The Desperation Has Started
It's been extremely quiet around here so that means I'm resorting to a meme. But it's a book meme so it only gets half as many points on the blogging Cheez-O-Meter. Think of it as the light beer of memes.
Swiped from Hilda. She swiped it from Katya. They're both very groovy ladies.
1. Which book do you irrationally cringe away from reading, despite seeing only positive reviews?
The Kite Runner by Khaled Hosseini. Everyone that I know who has read it loved it. And it's been made into a movie, right? Still I'm so afraid that I'm not going to like it and so I'm afraid to buy it. Like I don't want to blow my book money on something unless I'm really sure I'm going to like it. I feel so whiny about being scared off by this book. Even this answer sounds whiny!
2. If you could bring three characters to life for a social event (afternoon tea, a night of clubbing, perhaps a world cruise), who would they be and what would the event be?
I'd pick Josh, Biff and Maggie from Lamb: The Gospel According to Biff, Christ's Childhood Pal by Christopher Moore. It would be a casual dinner party for Josh's birthday so that means we'd be eating lots of Chinese food.
3. (Borrowing shamelessly from the Thursday Next series by Jasper Fforde): you are told you can’t die until you read the most boring novel on the planet. While this immortality is great for awhile, eventually you realize it’s past time to die. Which book would you expect to get you a nice grave?
Don Quixote by Miguel de Cervantes. Actually I'd be ready to die if I got through that nearly 1000 pages of boredom.
4. Come on, we’ve all been there. Which book have you pretended, or at least hinted, that you’ve read, when in fact you’ve been nowhere near it?
Ha! Don Quixote! I have been somewhere near it though. I was supposed to read it for my AP English class when I was a senior in high school and I didn't read past the first hundred or so pages. I just couldn't bear reading another word of it. For the rest it was Cliffs Notes all the way, baby!
5. As an addition to the last question, has there been a book that you really thought you had read, only to realise when you read a review about it/go to ‘reread’ it that you haven’t? Which book?
The Adventures of Tom Sawyer by Mark Twain. I'd sworn that I'd read it but it turned out that I was mixing it up with the half dozen times I've read The Adventures of Huckleberry Finn. That and I've seen that really dopey Tom Sawyer movie with Johnnie Whittaker and Jodie Foster about eleventy-million times.
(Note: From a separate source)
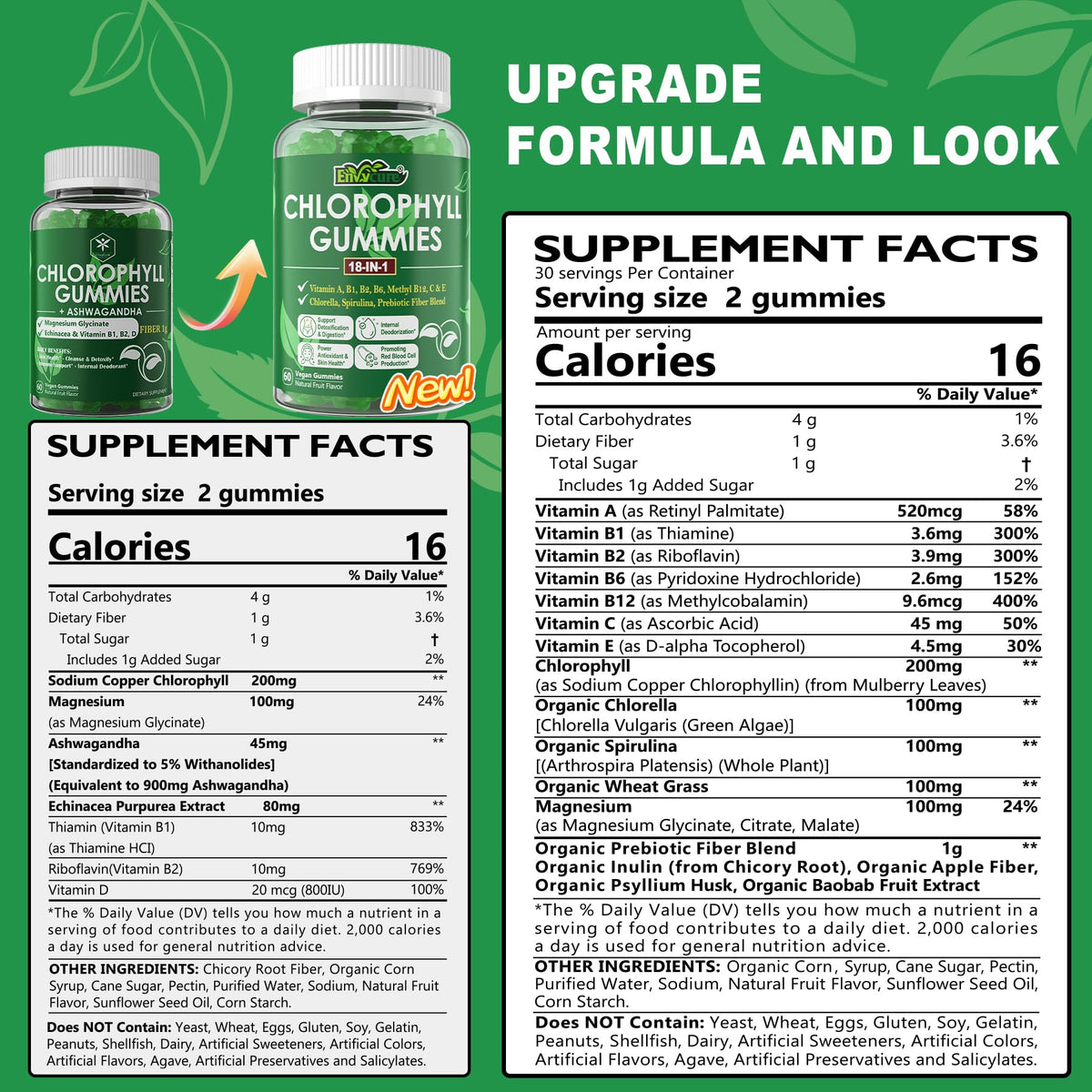 Gummies de chlorophylle EnvyCure avec ingrédients bio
6.You’re interviewing for the post of Official Book Advisor to some VIP (who’s not a big reader). What’s the first book you’d recommend and why? (if you feel like you’d have to know the person, go ahead and personalise the VIP).
To Kill a Mockingbird by Harper Lee. It's a classic and a fabulous story with accessible characters and a writing style that will appeal to those who are non-readers.
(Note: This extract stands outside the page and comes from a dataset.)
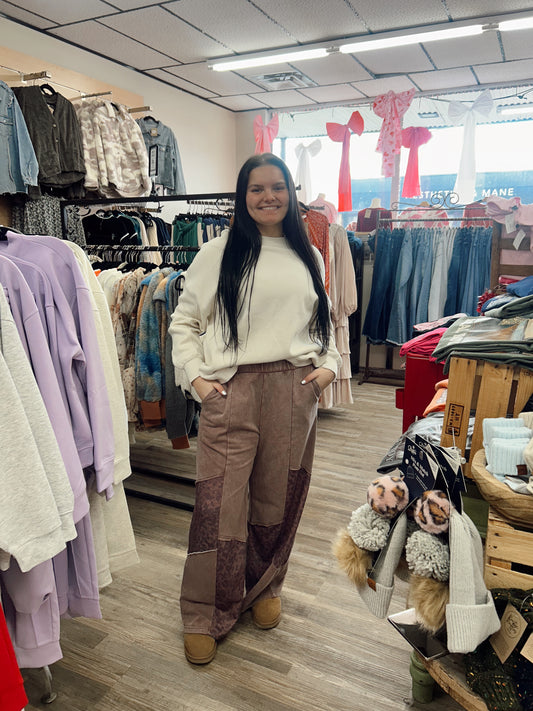 Mixed Emotions Leopard Patchwork Sweatpants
7. A good fairy comes and grants you one wish: you will have perfect reading comprehension in the foreign language of your choice. Which language do you go with?
German. I think the good fairy would take pity on the fact that now when I read a book in German I need to keep a German-English dictionary at my side. Plus it would be great to read German classics in original language. I don't have what it takes to tackle Mann or Goethe or Schiller or Hesse in original language.
8. A mischievous fairy comes and says that you must choose one book that you will reread once a year for the rest of your life (you can read other books as well). Which book would you pick?
Mischievous fairy is thirty years too late. I've been re-reading The Catcher in the Rye by J.D. Salinger every year since 1978.
9. I know that the book blogging community, and its various challenges, have pushed my reading borders. What’s one bookish thing you ‘discovered’ from book blogging (maybe a new genre, or author, or new appreciation for cover art-anything)?
Book swapping. The internet sure lets folks connect and get their previously read books passed around.
10. That good fairy is back for one final visit. Now, she’s granting you your dream library! Describe it. Is everything leather bound? Is it full of first edition hardcovers? Pristine trade paperbacks?
Big windows, lots of natural light, wooden floors with rugs, big comfy chairs and sofas to curl up on, good lamps for reading - not to stark but not to muzzy soft either. Window seats would be lovely. I'd have lots of built in shelves but a way to get to the books without climbing a ladder. No raggedy books and nothing dog eared or with broken spines. I love books in series so I'd like each series to be complete. And I'd love to have signed first editions of all my favorite novels.